In this study, some peer group clinical supervisors expressed feelings of being impostors and believed they lacked the knowledge, skills, and training to effectively fulfil their roles. While a deficiency in skills and competence are possible obstacles to providing effective clinical supervision [49], the peer group clinical supervisors in this study did not report such issues. Instead, their concerns were more about questioning their ability to function in the role of a peer group clinical supervisor, especially after a brief training program. The literature acknowledges a lack of training where clinical supervisors may feel unprepared and ill-equipped for their role [41]. To address these challenges, clinical supervisors need to be well-versed in professional guidelines and ethical standards, have clear roles, and understand the scope of practice and responsibilities associated with being a clinical supervisor [41].

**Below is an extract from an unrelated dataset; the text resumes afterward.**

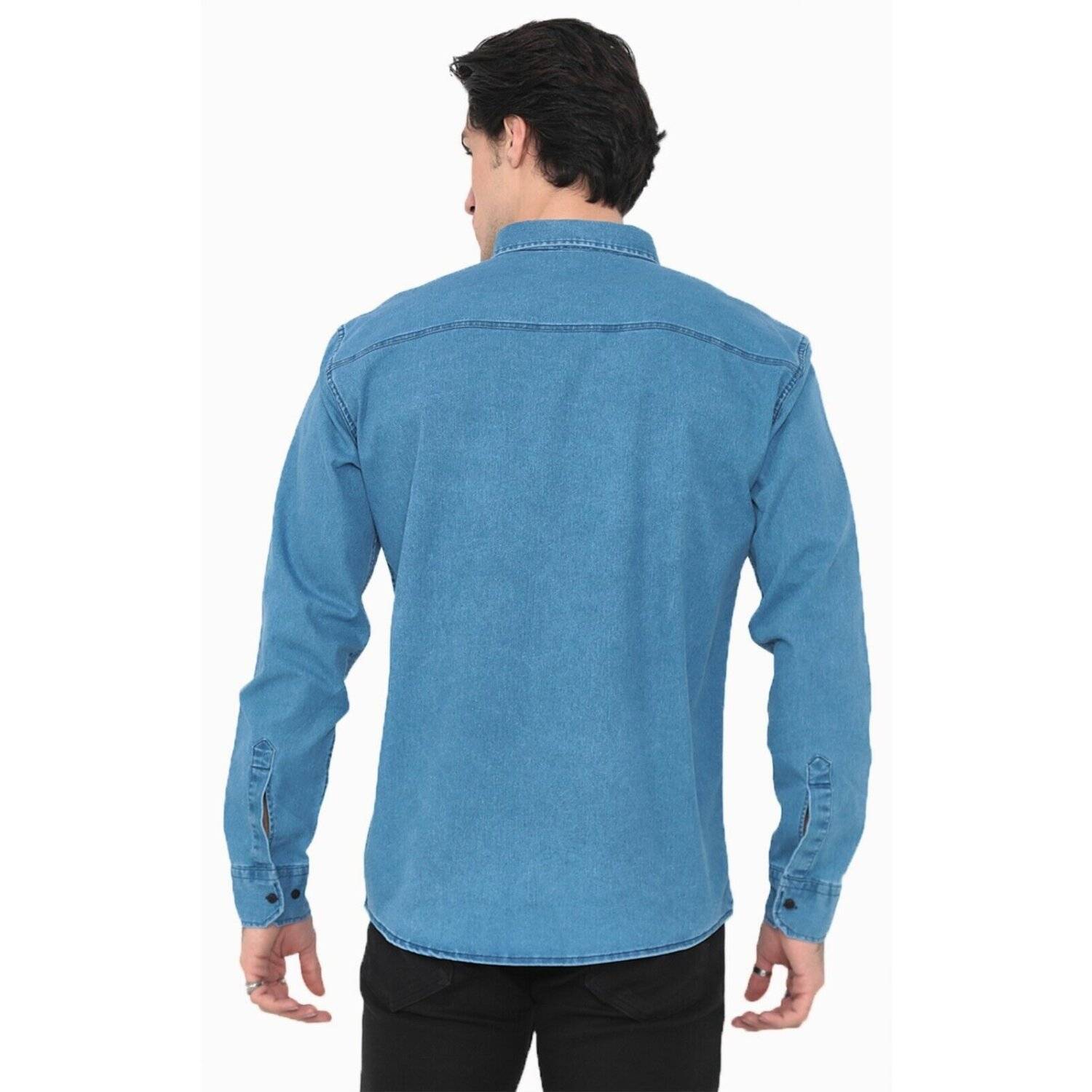 Premium Herren Hemd Basic Freizeithemd dickes Hemd Unifarben Langarm Slim-Fit 100% Baumwolle 5XL Jeansblau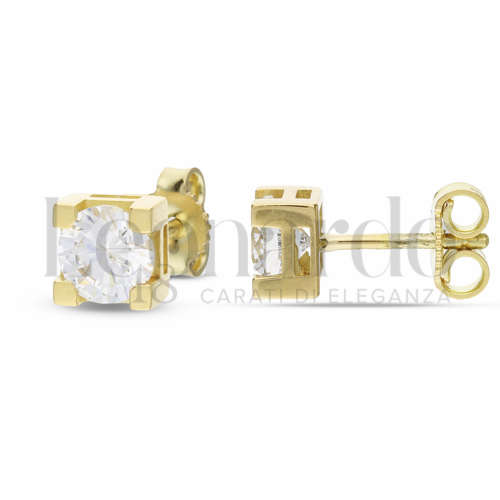 con Zircone bianco da Misura pietra o modello 5,50 mm in Oro Giallo da 2,5gr.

The support provided by external clinical supervisors and the peer group clinical supervision sessions played a pivotal role in helping peer group clinical supervisors ease into their roles, gain experiential learning, and enhance their facilitation skills within a supportive structure. Educating clinical supervisors is an investment, but it should not be a one-time occurrence. Ongoing external clinical supervision for clinical supervisors [50] and continuous professional development [51] are crucial, as they contribute to the likelihood of clinical supervisors remaining in their roles. However, it is important to interpret the results of this study with caution due to the small sample size in the survey. Generalising the study results should be approached with care, particularly as the study was limited to two regions in Ireland. However, the addition of qualitative data in this mixed-methods study may have helped offset this limitation.

Conclusion

This study highlights the numerous advantages of peer group clinical supervision at individual, service, organisational, and patient/client levels. Success hinges on addressing the initial lack of awareness and misconceptions about peer group clinical supervision by creating the right environment and establishing ground rules. To unlock the full potential of peer group clinical supervision, it is imperative to secure management and organisational support for staff release. More crucially, there is a need for valuing and integrating peer group clinical supervision into nursing and midwifery education and practice. Making peer group clinical supervision accessible to all grades of nurses and midwives across various healthcare services is essential, necessitating strategic planning to tackle capacity and sustainability challenges.